Dean Koontz’s One Door Away From Heaven

Overview: After years of bad decisions, Mickey Bellsong has moved in with her eccentric Aunt Geneva Davis. It’s only to be long enough for her to get back on her feet. Then, they meet their newest neighbor, Leilani Klunk. She has such an interesting, if not horrifying, tale to share. If even half of what she accuses her step-father of is true, then she needs some serious help. Too bad they are heading after another close-encounter witness. Didn’t I mention that Preston Maddoc, Leilani’s step-father, is obsessed with extraterrestrials?

Story Telling: It’s a pretty straight forward story. I do have to admit that the first few chapters from Curtis’s point-of-view can be rather confusing.

Likes: Mickey was a pretty strong woman. She may disagree, but someone as truly weak, as she believed herself to be, wouldn’t have pursued her enemy. Aunt Geneva was a trip as well. And I honestly never considered dogs to be as close to God as they were shown.

Dislikes: How does a woman like F.W. Bronson end up as a social worker in C.P.S.? Oh boy, a girl is afraid that she is going to die, but the honorable Preston Maddoc would never do anything wrong. Or how about Darvey? Who would really take someone who isn’t joking, dead serious even, and thinks that he/she is a good reason to never have children?

Favorite Character: Now, I don’t know how to do this one. Our finalists are: Noah, Polly, Cass, Aunt Gen, or Mickey. And they all have good reasons to be a contender, or a winner.

Favorite Quote: Let’s go with Aunt Gen to Mickey. “You come home.”

Favorite Scene: Call me vindictive, but my favorite part would be when Curtis and Preston meet. But it should be read to the end of the scene. When Mickey and Leilani meet up again, on the road was pretty good too.

Conclusion: This was a fun book. The hopeless gained hope, and the monster got his dues. Great story. And as always, the good guy wins again. You got to love Dean Koontz.

Tony Robbins’s Money Master the Game-7 Simple Steps to Financial Freedom

I received this book for the purpose for a fair review.

Overview: Mr. Robbins has spent his life from the depths of poverty to the heights of the wealthy. Using this history and the experiences of his life, he offers those who are interested a chance to climb the economic ladder.

Story Telling: This is just an economic form of the weight-loss self-help books.

Likes: Mr. Robbins is trying to help others learn how to handle their money.

Dislikes: I don’t think that I like self-help books. They always seem to be obsessed with getting the reader to focus on themselves.

Favorite Character: There are many stories about several successes here.

Favorite Quote: Here’s a good one for those who should remember to try. “To avoid criticism, say nothing, do nothing, be nothing.” Aristotle.

Favorite Scene: My favorite bit of advice was to use a savings account (if you can get any interest of any use). And then there was the difference between an investment broker and a financial advisor.

Conclusion: This is good for those who wish to make more money.

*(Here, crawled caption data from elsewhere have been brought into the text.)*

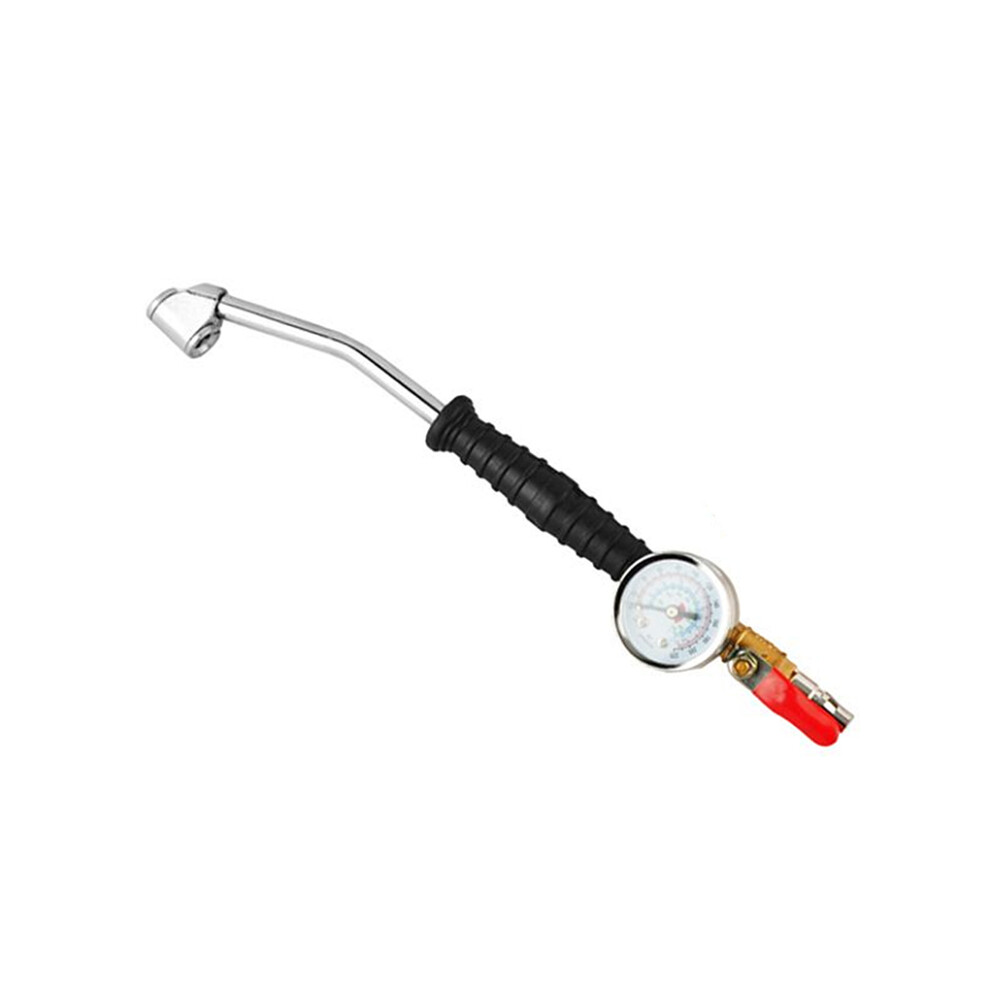 (Small Vehicles) Tire Inflatable Rod Cars Inflator Gauge Testing Compressor Automobile-image-OPC-PKKYX9N-NEW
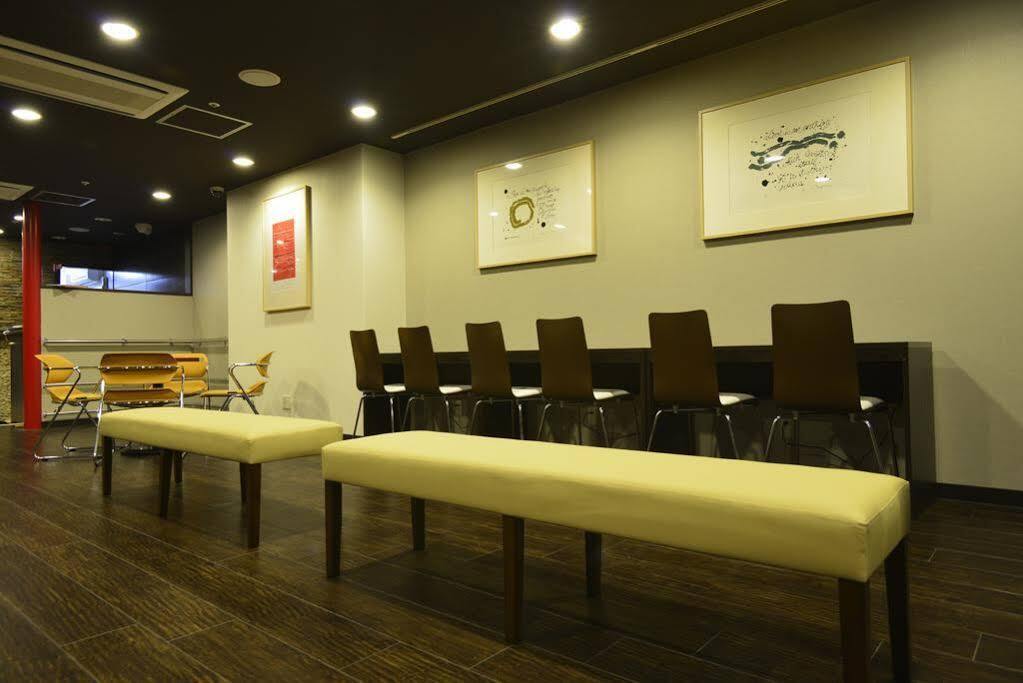 מלון אוסקה B&S Eco Cube Shinsaibashi מראה חיצוני תמונה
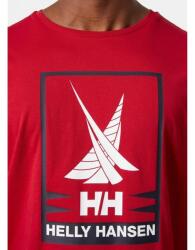 Helly Hansen SHORELINE T-SHIRT 2.0 KIRMIZI Erkek Tshirt - 4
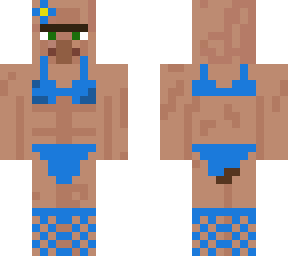 villiger in bikini blue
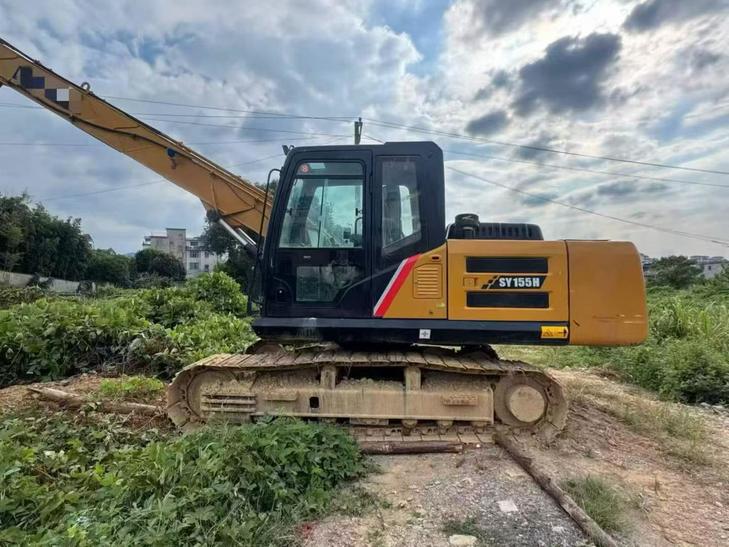 Buy Sany SY155C Used Excavator / 1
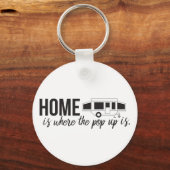 Home is Where the Pop Up is キーホルダー (正面)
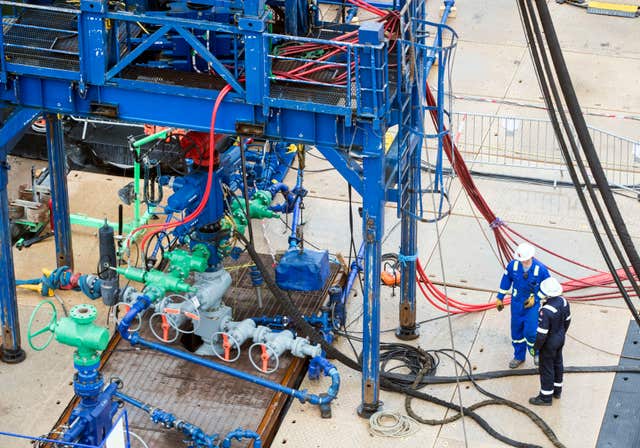 Fracking due to begin next week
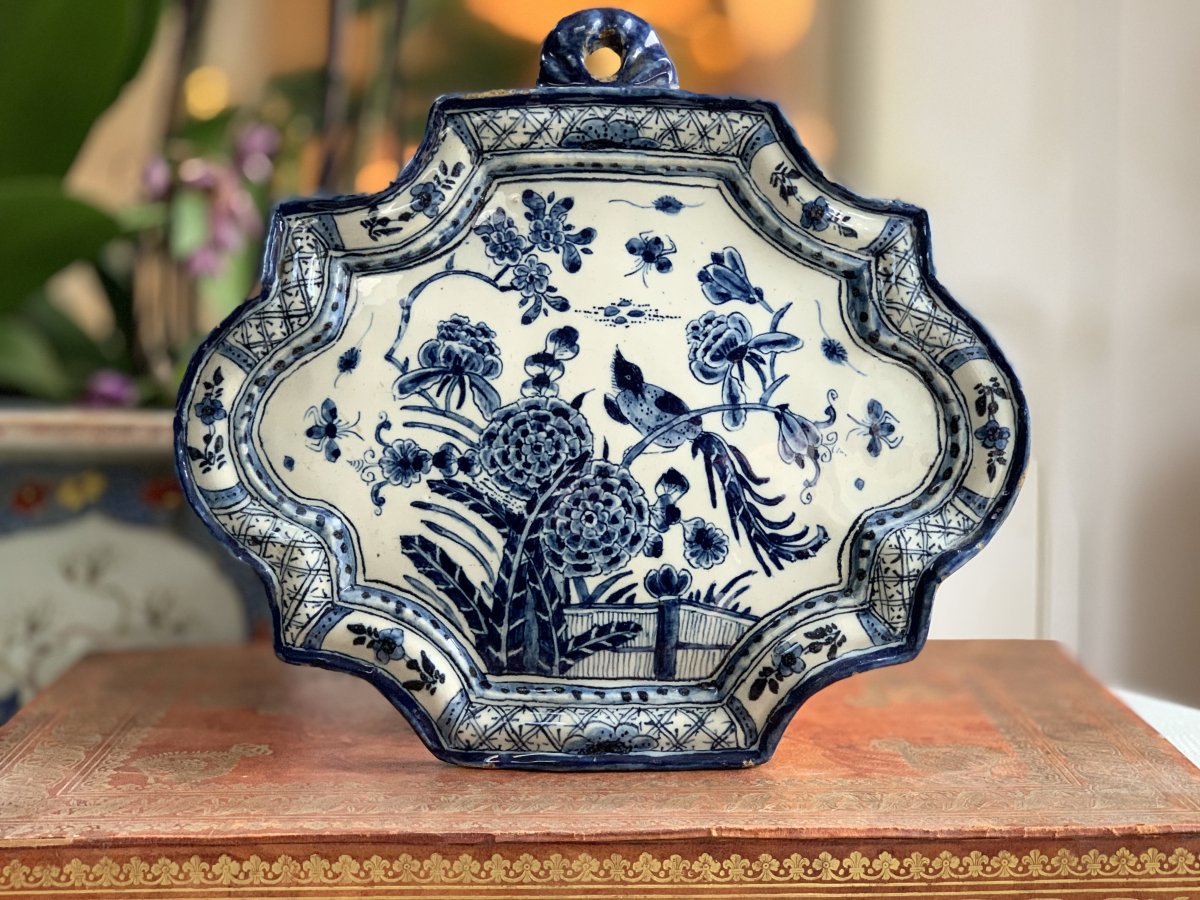 Delft Plate, Middle Of The XVIIIth Century.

For the most part however, the ideas–at least the more risky but financially profitable ones–are tailored for, and aimed at, the rich–or those who could play a convincing role. The read is worth your while.

When I Grow Up I Want To Be…in the U.S. Army

I received this book courtesy of Wigu Publishing for the purpose of a fair and honest review.

Overview: Jake has a new class project. He has to tell the class what he wants to be when he grows up.

Story Telling: This was done well. There were little tables for explaining some of the more interesting bits of Army lore.

Likes: What was really cool was the fact that Dad was teaching Jake about the Army. This also made it so that it wasn’t just an advertisement. It wasn’t left to the book, or the teacher, something that maybe schools and parents should consider.

Dislikes: There wasn’t anything, that I could find, wrong with this story.

Favorite Character: Jake’s Dad was pretty cool. It’s not every book where the parents are involved with their children’s lives.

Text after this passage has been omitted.